El enterrador llevaba 32 años cabando tumbas en ese cementerio. Conocía cada rincón, cada cripta, cada lápida. Sabía dónde estaba enterrado el alcalde que murió en los años 80. Sabía cuáles eran las tumbas que nadie visitaba desde hacía décadas. Sabía dónde se encharcaba el agua en temporada de lluvias y dónde la tierra era más blanda para excavar.
Se llamaba, o al menos así lo registraron, don Refugio, 67 años. Empezó a trabajar en el cementerio a los 35, cuando su primo, que era el enterrador anterior, murió de un infarto a mitad de una excavación y alguien tuvo que terminar la fosa para enterrar al muerto que esperaba. Don Refugio terminó la fosa y se quedó.
32 años después había enterrado a más de 100 personas. Conocía a cada muerto por nombre. Aquí está doña Petra, decía cuando pasaba frente a una tumba. Allá don Juvencio. Más adelante los tres hermanitos que se murieron de sarampión en el 95. El cementerio era su casa, su mundo, su responsabilidad. Don Refugio vivía solo.
Su esposa murió hace 9 años y está enterrada en el mismo cementerio donde él trabaja. Todos los días, antes de empezar su jornada, pasaba a la tumba de su esposa, le dejaba una flor cortada del jardín y le platicaba de los pendientes del día. “Hoy tenemos entierro a las 11, vieja”, le decía. Es la mamá de los Hernández. Le voy a hacer una fosa bonita.

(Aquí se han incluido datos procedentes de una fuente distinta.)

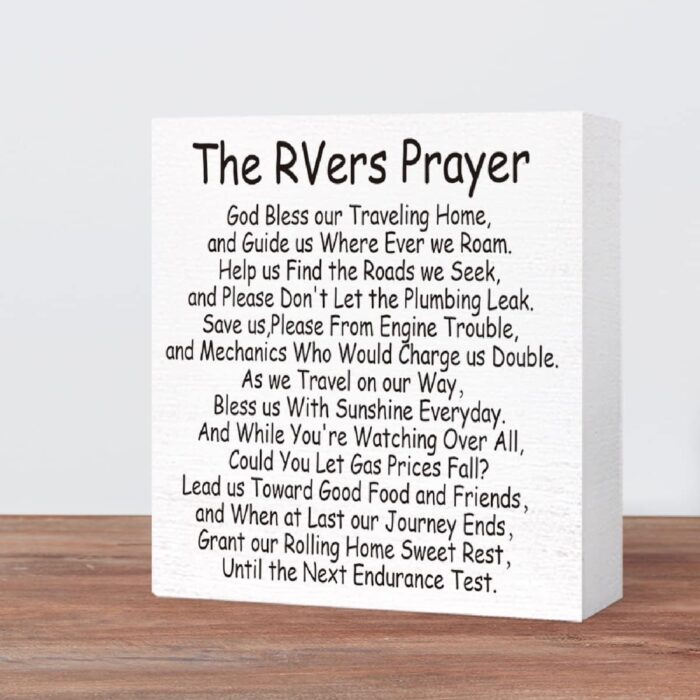 The RV Prayer Sign Wood Block,Funny Camping Decor for Camper,RV Accessories for Inside Travel Trailers,Camping Gifts for Camper, 5"L x 5"W x 1"H - Image 5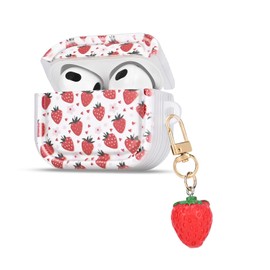 CameCosy for AirPods 3rd Generation Case with Lovely Keychain, Cute Strawberry Flowers Design for Women Girls Protective Shockproof Soft TPU Premium Cover for AirPods 3 Gen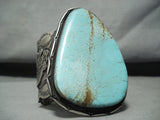 One Of The Biggest Best Bearr Bracelet Native American Navajo Turquoise Sterling Silver Bracelet-Nativo Arts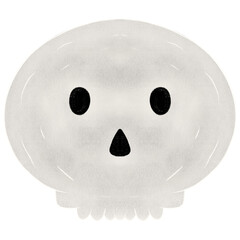 Hand drawn halloween skull Happy Halloween day set of elements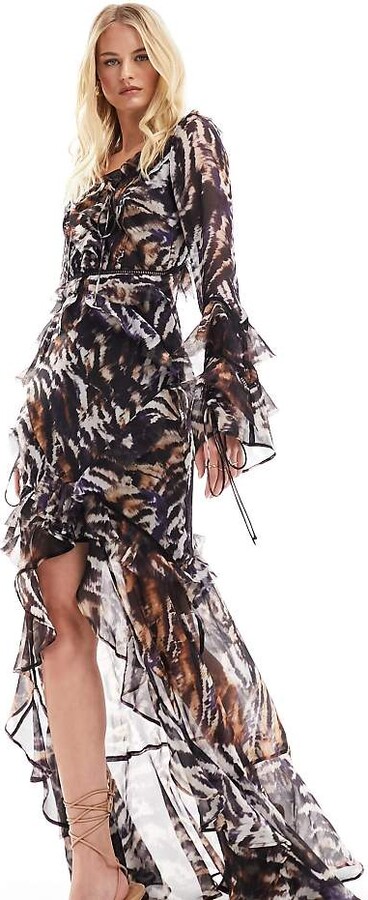 ASOS Tall ASOS DESIGN Tall long sleeve ruffle maxi dress with lace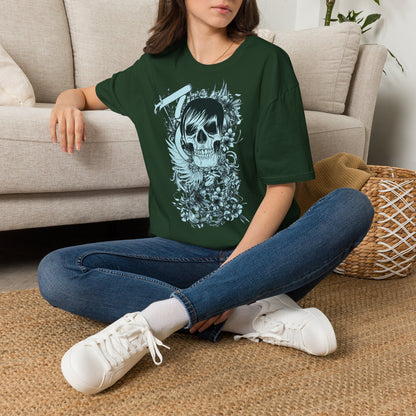 Skull Floral Tee — Gothic Skull with Flowers Graphic T-Shirt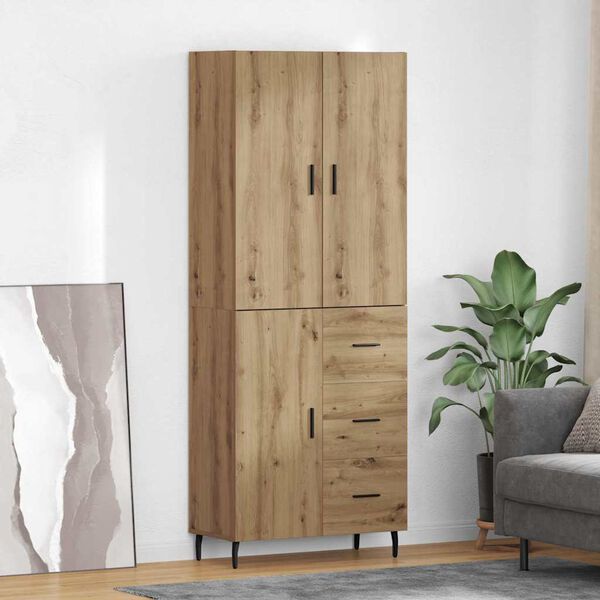 vidaXL Highboard med skuffe 2 pcs Artisan Egetr&aelig; Konstrueret tr&aelig;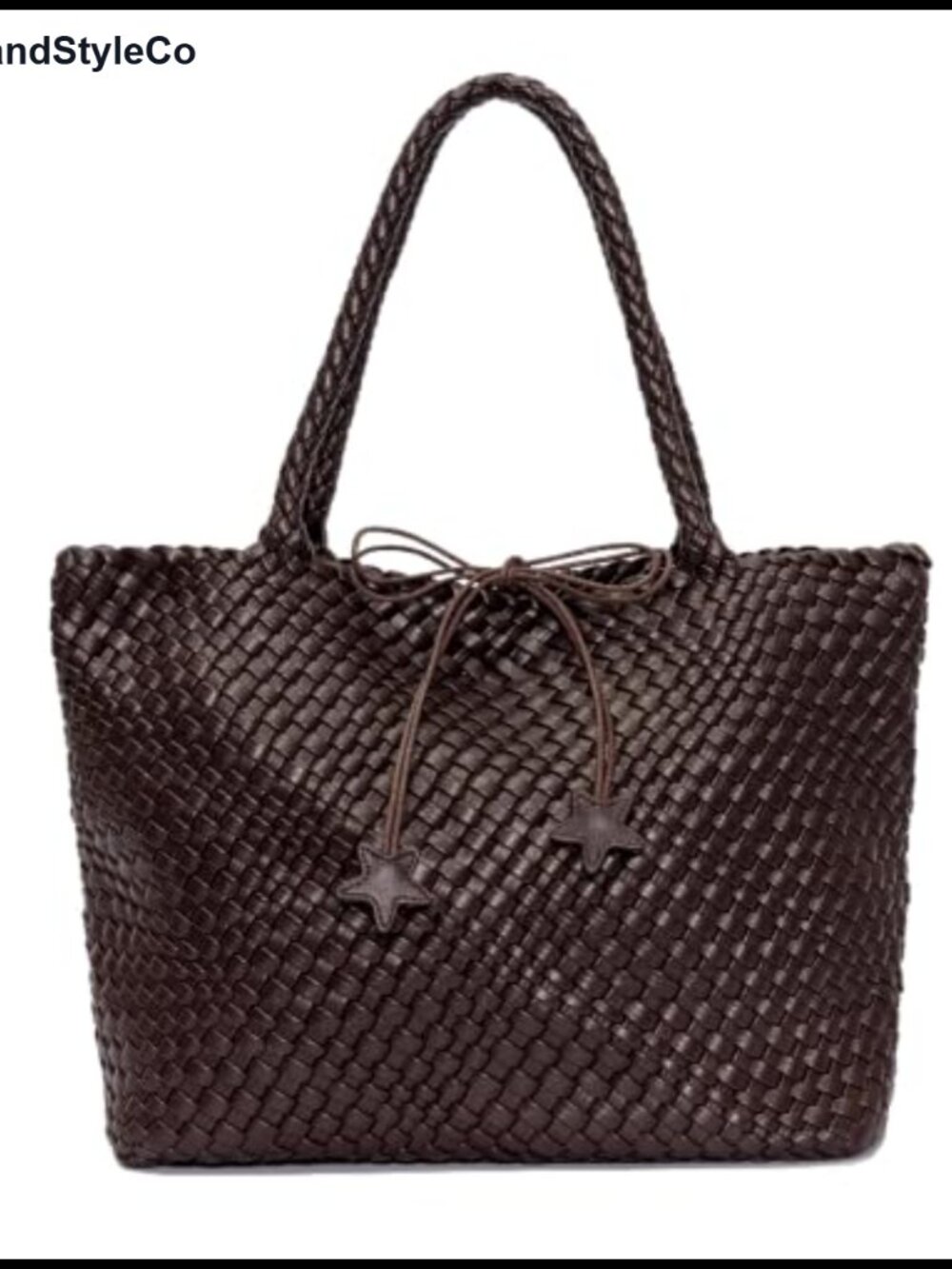 Faux Leather Woven Tote Handbag Set Large Shoulder Purse with Pouch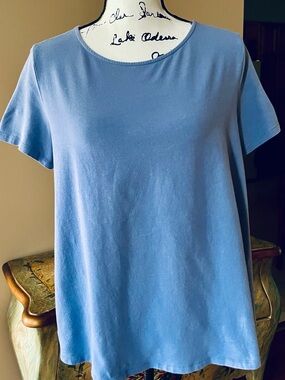 “MaxMara-Weekend” Light Blue Short Sleeve Tee.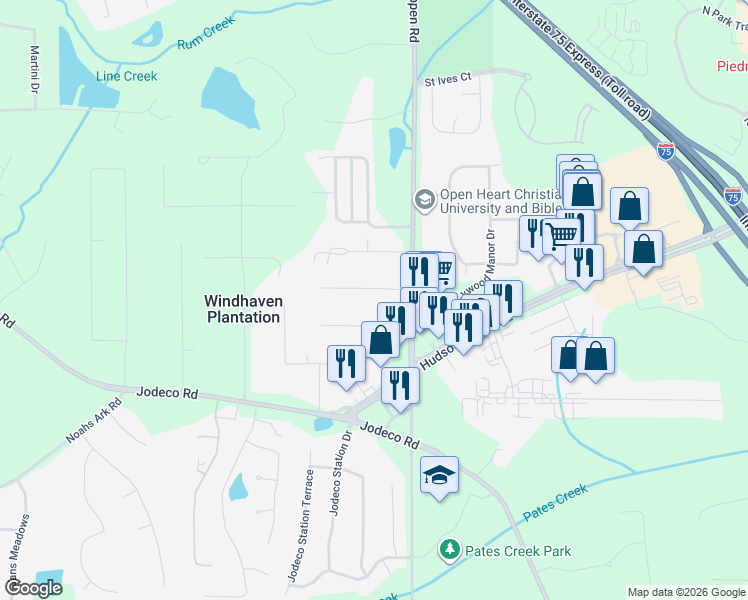 map of restaurants, bars, coffee shops, grocery stores, and more near 112 Vincent Avenue in Stockbridge
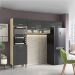 Cozinha Compacta 197cm 6 Portas Avena Grafite Armoveis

El día que se le hundió el piso, don Refugio estaba preparando una fosa a 20 m de la tumba de su esposa. Cuando la tierra se dio y vio el corredor iluminado debajo, lo primero que pensó no fue en el narco. Lo primero que pensó fue en su esposa. Se preguntó si debajo de su tumba también había algo.


Se preguntó si los restos de la mujer que amó durante 40 años descansaban sobre un corredor con loseta y luces LED donde dormían sicarios. no dormían debajo de ella. La tumba de la esposa de don Refugio estaba en la sección nueva del cementerio, lejos de las criptas antiguas. Pero el miedo de que los sicarios hubieran profanado la tumba de su esposa fue lo que llevó a don Refugio a reportar directamente a los marinos en lugar de al municipio.
“Si me voy con el presidente municipal no va a pasar nada”, dijo. “Pero si me voy con los marinos, alguien va a pagar por lo que le hicieron a mi cementerio.” “Su cementerio.” Don Refugio lo dice así, mi cementerio. Porque después de 32 años cabando tumbas, regando flores, limpiando lápidas y platicando con los muertos como si fueran vecinos, ese cementerio es suyo más que de nadie.
Y que alguien haya construido un cuartel del narcotráfico debajo de su cementerio es, para don Refugio, una ofensa personal que va más allá de lo legal o lo moral. Es una violación de su hogar. 32 años abriendo hoyos de 2 m de profundidad para meter cajones con muertos adentro. Era el hombre que más sabía sobre ese cementerio y ni siquiera él sabía lo que había debajo.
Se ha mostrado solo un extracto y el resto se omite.